Why? It seems to me that trolling for complaints is the least likely to illuminate.

Let me predict that Sikhs will get very few 'votes'. An even better showing might have been obtained has you included Shinto animists in you list of possible offenders. But, sadly, neither "Shinto animist" nor "none" were provided as poll options.
 

Vinayaka

devotee
Premium Member
This reminds me of an analogy I read years ago about car accidents and nuclear-reactor failures: the latter are rare but far deadlier, but because the average person is frequently around cars and may use one themselves, our exposure to cars makes car accidents a bigger source of deaths annually than reactor failures.

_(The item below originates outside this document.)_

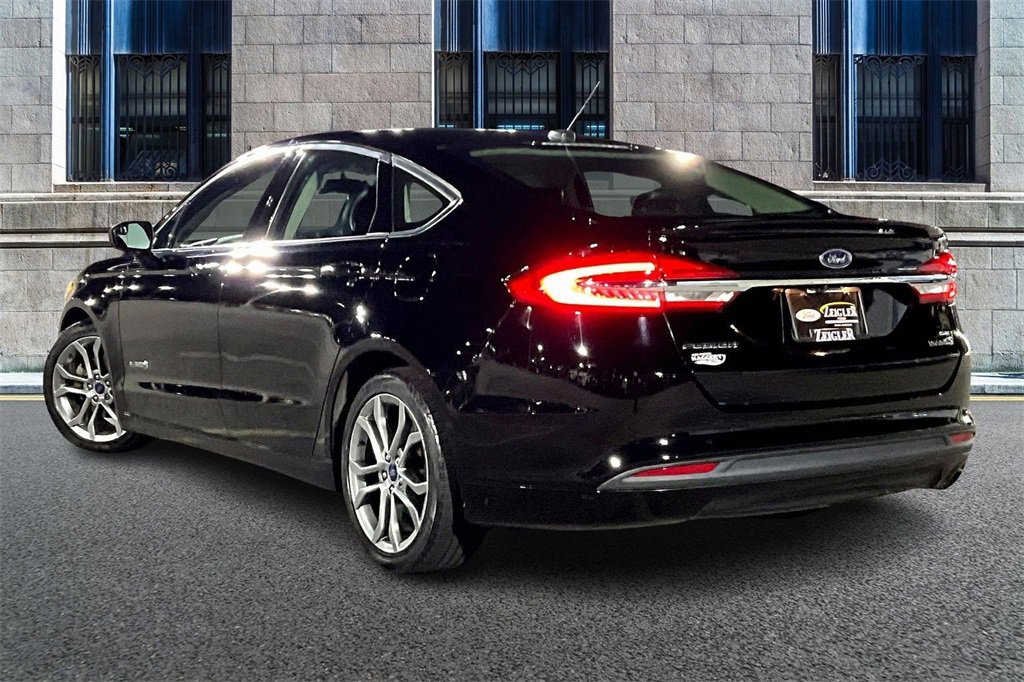 Certified 2017 Ford Fusion SE w/ Equipment Group 601A image 10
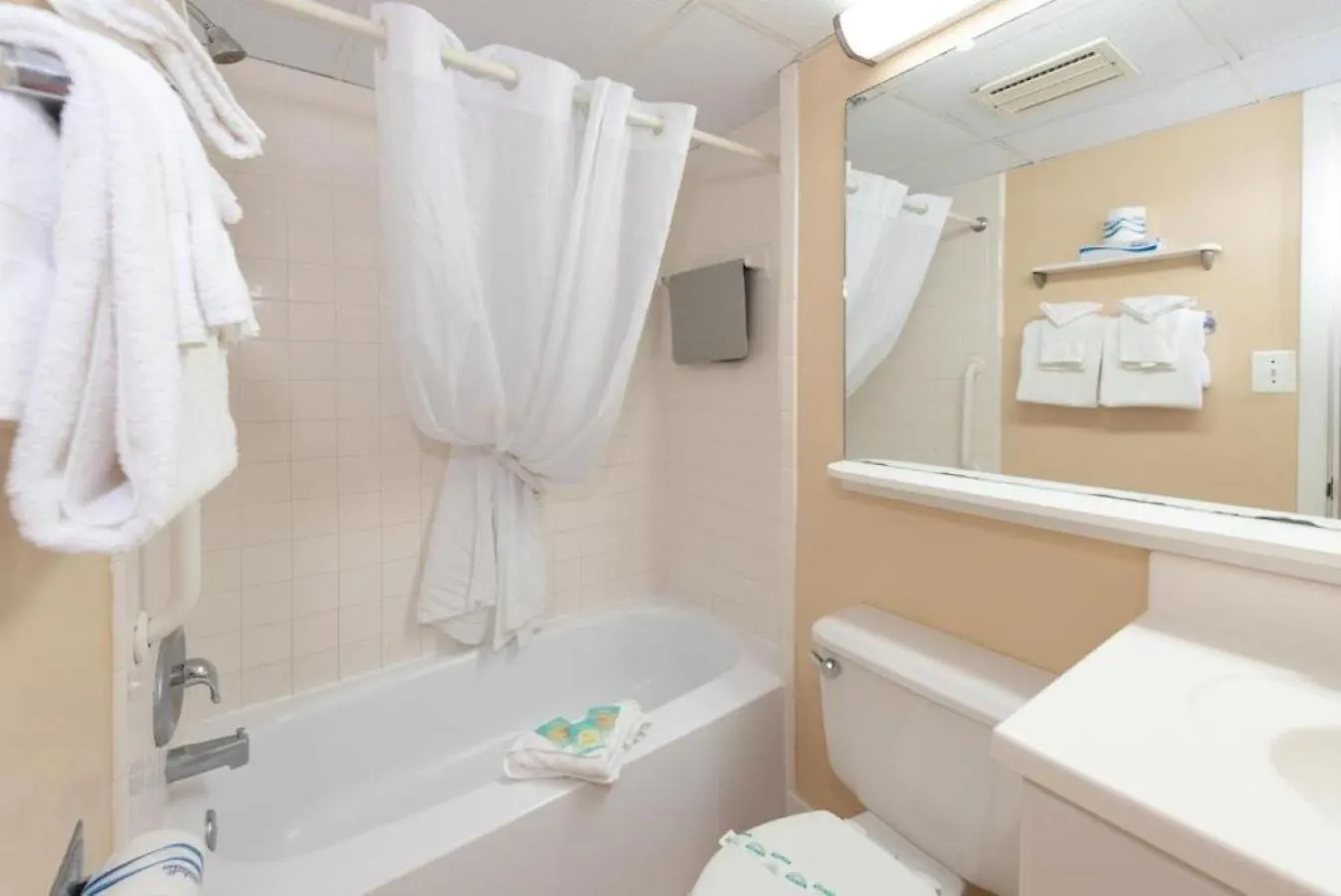 504 Direct Oceanfront With Balcony, White Marlin Open, Pool-parking-gym-kitchenette Apartment *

I have no doubt that anyone who spends years in a society that has a specific predominant religion or ideology is bound to encounter more mistreatment in the name of that religion or ideology than in the name of other worldviews, primarily due to the increased exposure to it.
Indeed. I live in Canada, not far at all from the notorious indigenous residential schools, run by Christians, and sponsored by the Canadian government. It's hard to know anyone indigenous who wasn't affected by that. And in substantial ways.
 

Mock Turtle

Trump: The USA Brexit!
Premium Member
No complaints from me, apart from being essentially forced to sing and pray at school. :eek:

Other than this, I never have had any friends or those in regular contact who are/were religious or where such was an issue. Those who obviously did have a religion most likely not of the default culture in the UK I found much the same as any others and have had kindness from some of these where it was lacking elsewhere. But obviously I read the news and see the conflicts that tend to arise when people do have different religious beliefs. I try not to judge, but the Taliban certainly get a black mark for their abysmal treatment of females.

As I've said so often, my beliefs simply tend to arise from thinking - as to evidence or the lack of such - and not as to what religions might be or do. And even though I see this latter as a major issue for some of these religions I try not to judge them over such things, or place them into some top ten. o_O
 

Quintessence

Consults with Trees
Staff member
Premium Member
I can't vote in the poll either - it genuinely hasn't come up in my life. Partly because I would never assume someone's religion had anything to do with how they were treating me since I almost never know what someone's religion actually is. It isn't discussed. For the few exceptions I can think of, "mistreatment" just isn't how I would put it.